Extracellular norepinephrine (NE) levels were increased in the hippocampus of SPORTS rats. (a) Extracellular NE level in the hippocampus of SPORTS (closed circles) and control (open circles) rats at 16 weeks of age. Perfusate samples were collected at each time point throughout the day to night time in conscious rats. (b) Extracellular dopamine (DA) level in the striatum. (c) NE content in the tissue homogenates of hippocampus, cerebellum, and cerebral cortex from SPORTS and control rats at 16 weeks of age. (d) The concentrations of DA and DA metabolite DOPAC in the striatal homogenate from SPORTS and control rats at 16 weeks of age. Data are means±SD for five rats in each group. *p<0.01, †p<0.05 compared with control group.
α2-ARs were Decreased in the Hippocampus of SPORTS Rats
The elevated NE was expected to alter the population of NE receptors in the hippocampus of SPORTS rats. To determine the binding abilities of each adrenergic receptor (AR) to NE, we studied [3H] NE binding in the rat hippocampus. Figure 3a shows the results of [3H] NE-binding assays where the specific binding of [3H] NE to α1-, α2-, and β-ARs were examined by the use of the specific competitors prazosin (α1/2-AR antagonist), yohimbine (α2-AR antagonist), propranolol (β-AR antagonist), and phenylephrine (α1-AR agonist). As shown in Figure 3a, the intensities of competition for [3H] NE binding to the hippocampal membrane by prazosin and yohimbine were less for SPORTS rats than for control rats. There was no significant difference in the competing abilities for propranolol or phenylephrine between the two groups (Figure 3a). Figure 3b and c shows that the protein levels of α2A-AR were decreased in the hippocampus of SPORTS rats at both 4 and 16 weeks of age, and Gαi protein of SPORTS rats at 16 weeks of age was also decreased. The protein expressions of α1-AR were, however, not different between SPORTS and control rats.
α2-Adrenergic receptors (ARs) were decreased in the hippocampus of SPORTS rats. (a) [3H] norepinephrine (NE) binding to hippocampal α1-, α2-, or β-ARs. Specific binding was measured for SPORTS and control groups at 16 weeks of age with selective agonist or antagonists as competitors for each AR. (b) Western blot analysis of α1-AR, α2A-AR, and Gαi protein in the rat hippocampus at 4 or 16 weeks of age. (c) Protein expression levels in SPORTS and control groups determined from the density of blotted bands in (b). Data in (a) and (c) are expressed as means±SD for five rats in each group. *p<0.05, compared with control group. Pra: prazosin, Yoh; yohimbine, Pro; propranolol, Phe; phenylephrine.
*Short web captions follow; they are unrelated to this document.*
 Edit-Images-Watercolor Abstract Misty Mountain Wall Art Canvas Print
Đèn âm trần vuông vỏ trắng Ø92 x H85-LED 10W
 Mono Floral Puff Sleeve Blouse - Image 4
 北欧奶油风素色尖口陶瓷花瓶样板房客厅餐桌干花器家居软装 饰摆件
Inhibition of α2-AR Suppressed the Running of SPORTS Rats
To clarify the involvement of hippocampal α2-ARs in the hyper-running habituation of SPORTS rats, the selective antagonist (yohimbine) or agonist (clonidine) of α2-ARs was administered locally into rat hippocampus and the running activity of each rat was monitored for 2?h. As shown in Figure 4, inhibition of hippocampal α2-ARs by yohimbine significantly depressed the running activities of SPORTS but not of control rats. Activation of hippocampal α2-ARs with clonidine did not have any effect on running activity of either rat group (Figure 4).
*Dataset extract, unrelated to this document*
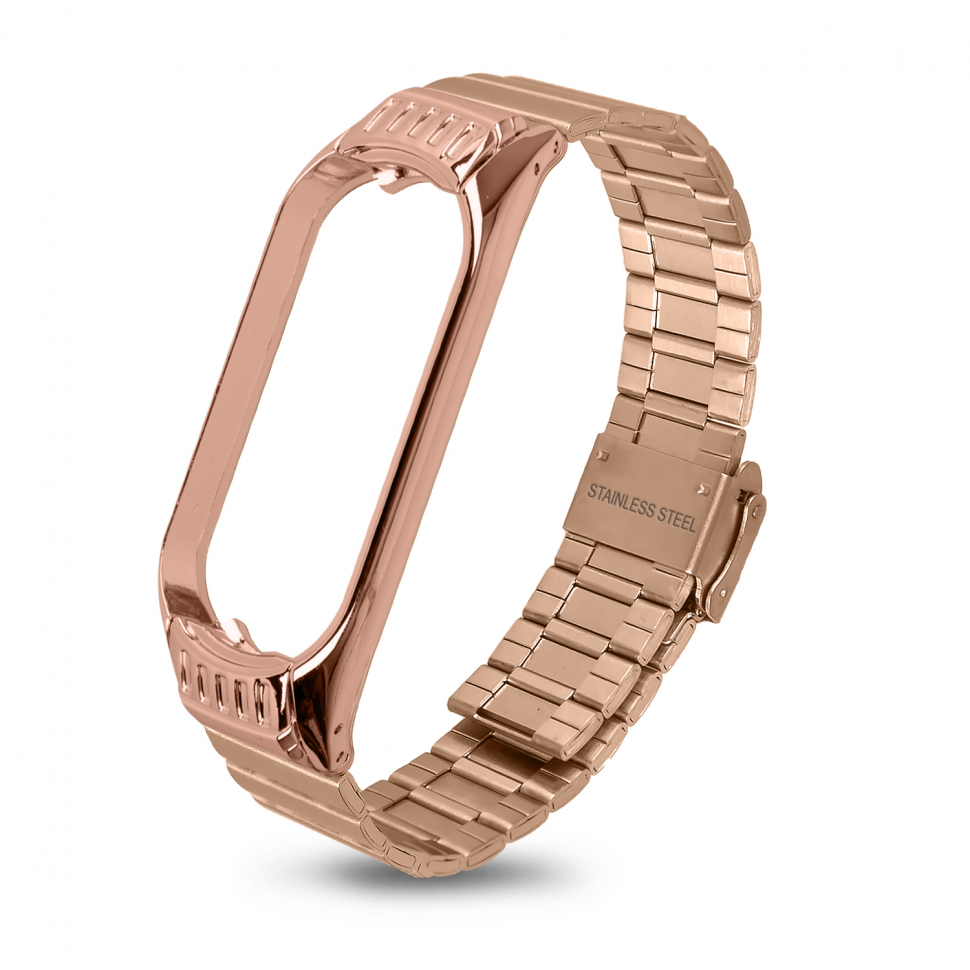 Ремешок для Mi Band 5 Milanese розовое золото (Rose Gold) #12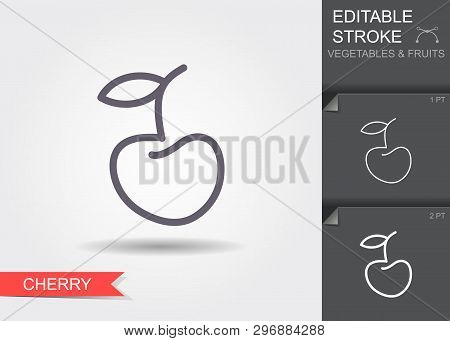 Single Cherry With A Leaf, Isolated Vector Illustration With Editable Stroke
Effect of α-adrenergic receptor stimulation or inhibition on the running activity of both SPORTS and control rats. Rat hippocampus was perfused with yohimbine (20?μM), clonidine (100?μM) or vehicle (Ringer) at a rate of 1?μl/min for 45?min. The revolution number of the running wheel for each rat was recorded for 2?h after drug treatment, which was finished at 2200?h. Data are expressed as means±SD for 3–4 rats. *p<0.05.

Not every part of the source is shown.